This Father’s Day, Simple Steps to Stronger Families

Wednesday, June 15, 2016

FOR IMMEDIATE RELEASE

June 15, 2016     

Contact:  Doug Smith, Policy Analyst
Cell: (512) 960-0534 / Office: (512) 441-8123 Ext. 102
Email: dsmith@TexasCJC.org

This Father’s Day, Simple Steps to Stronger Families

AUSTIN, TX – More than 90,000 fathers will be living in a Texas prison on Father’s Day this year.  Some of them will soon be coming home.  The Texas Criminal Justice Coalition calls for changes that will give those families a fighting chance at success.

Each year, over 70,000 people are released from Texas’ prison system.  More than half have actually completed their sentence, are not under supervision, and get little or no help as they try to reestablish their lives.  

When fathers get out of prison and rejoin their families, they may be carrying emotional problems created or exacerbated by time in prison, and they face new barriers to economic success.  This Father’s Day month, 1,300 Texas fathers who were living with their children at the time of their arrest will be released and are now preparing to step back into their family role.

“If you want someone to succeed when they return as fathers to their families after leaving prison, then they are absolutely going to need a job,” said Doug Smith, Texas Criminal Justice Coalition. “Sadly, only a fraction of people in Texas prison get to attend vocational training, and everyone leaves prison only to find a wall of rejection from employers.” 

Texas joins Louisiana and Illinois among the most difficult states in which to get a job after prison, according to a recent study of barriers to reentry.  Formerly incarcerated people who return to their families face 248 different limitations on jobs, licenses, and opportunities to start their own business.

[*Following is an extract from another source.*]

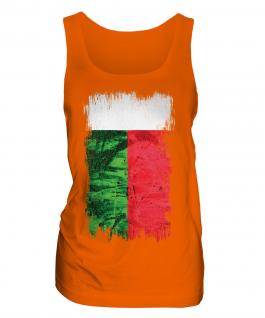 Madagascar Grunge Flag Ladies Vest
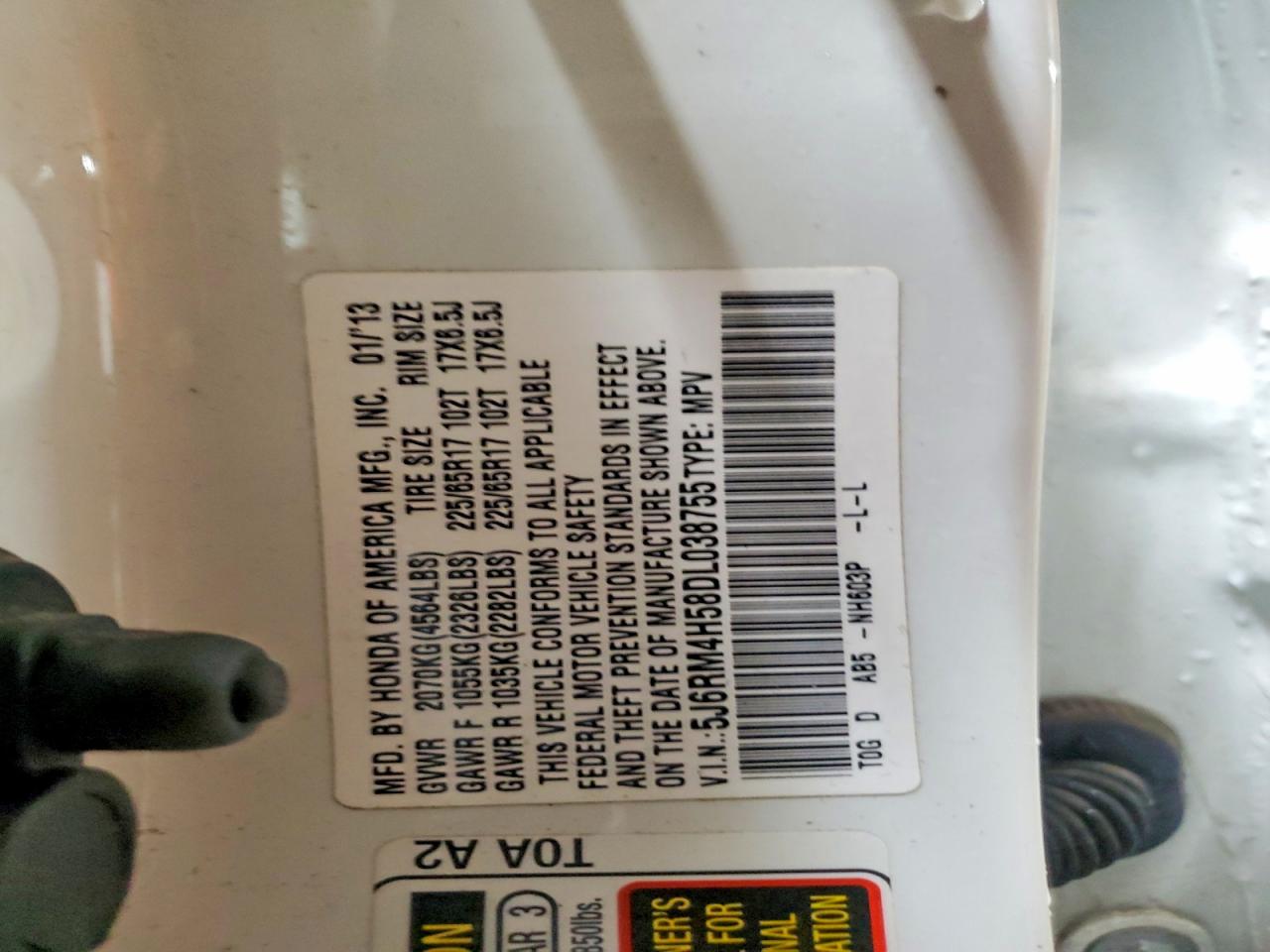 2013 HONDA CR-V EX photo 13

Simple Steps to Stronger Families

  • Allow people in state jail to earn access to parole: People in state jail do not get parole at all.  They serve their full sentence and are released without additional services.  These fathers are incarcerated for the lowest-level felony offenses.  Earning parole will get them home with access to jobs and other reentry services.
     
  • Keep people closer to their families: Texas should reclassify certain nonviolent low-level offenses to Class A misdemeanors.  Fathers who are living in the home with their children would be imprisoned in county jail, closer to their families, rather than in the Texas Department of Criminal Justice.
  • Reduce the cost of phone calls: Families pay very high rates for phone calls to and from their incarcerated loved ones.  Reducing those costs will enable families to maintain closer relationships, which is especially crucial as it pertains to maintaining bonds between parents and children.
  • Create in-person visitation areas designed for children: Children who do get to see their fathers in person often do so in a context that can increase stress and limit relationship development (through Plexiglas, in crowded loud rooms with hovering guards, with strict limits on physical contact and movement).  Instead, visitation areas can be kid-­friendly and enable positive, loving interaction with incarcerated parents.

###

The Texas Criminal Justice Coalition works with peers, policy-makers, practitioners, and community members to identify and promote smart justice policies that safely reduce the state’s costly over-reliance on incarceration – creating stronger families, less taxpayer waste, and safer communities.